Acton Bell. Lemony Snicket. A Lady. Wondrous pseudonyms, all.

I wanted my own. I wanted it to be so quirky and weird that it could not possibly be anyone’s real name (Dan Handler, you are my hero!). Happily, I found inspiration in James Thurber’s book, The Thirteen Clocks. Mr. Thurber includes several very clever limericks in his tale of tears and laughter. This one is my favorite:

“A dehoy who was terribly hobble,

Cast only stones that were cobble

And bats that were ding,

From a shot that was sling,

But he never hit inks that were bobble.”     —James Thurber, The Thirteen Clocks

This, to my mind, simply has to be a strong contender for The World’s Most Witty Limerick. Imagine, Mr.

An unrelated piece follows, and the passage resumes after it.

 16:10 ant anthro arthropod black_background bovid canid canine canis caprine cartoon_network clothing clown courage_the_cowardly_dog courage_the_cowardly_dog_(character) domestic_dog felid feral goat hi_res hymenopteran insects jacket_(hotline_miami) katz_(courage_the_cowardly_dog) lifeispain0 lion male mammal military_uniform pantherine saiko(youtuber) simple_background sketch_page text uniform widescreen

Thurber could find two sets of words (the -obble words and the -ing words) and cut them in half and successfully rhyme the first halves of those words in a clever poem. This is a feat of imagination and skill that affirms my faith in human invention.

(Side road: I have never held the limericks of Mr. Edward Lear in very high esteem. Far too often, he merely repeats the first line in the last line of his limericks. Lazy. Dull. Lacking in imagination. I just feel so empty inside when I have to read the same line twice in a short poem like a limerick.)

Not only is Mr. Thurber’s little poem a lot of fun to read, it has inspired me to what I hope and pray is an entirely original pseudonym: Hobbie DeHoy.

This is possibly Too Precious For Words. However, I cannot resist taking a pseudonym that is inspired by the poetic invention of James Thurber. And anyway, this is my blog and I’m allowed to slip into being a little too precious sometimes, as long as it’s not accompanied by an iPhone selfie. That last, I can safely promise my readers.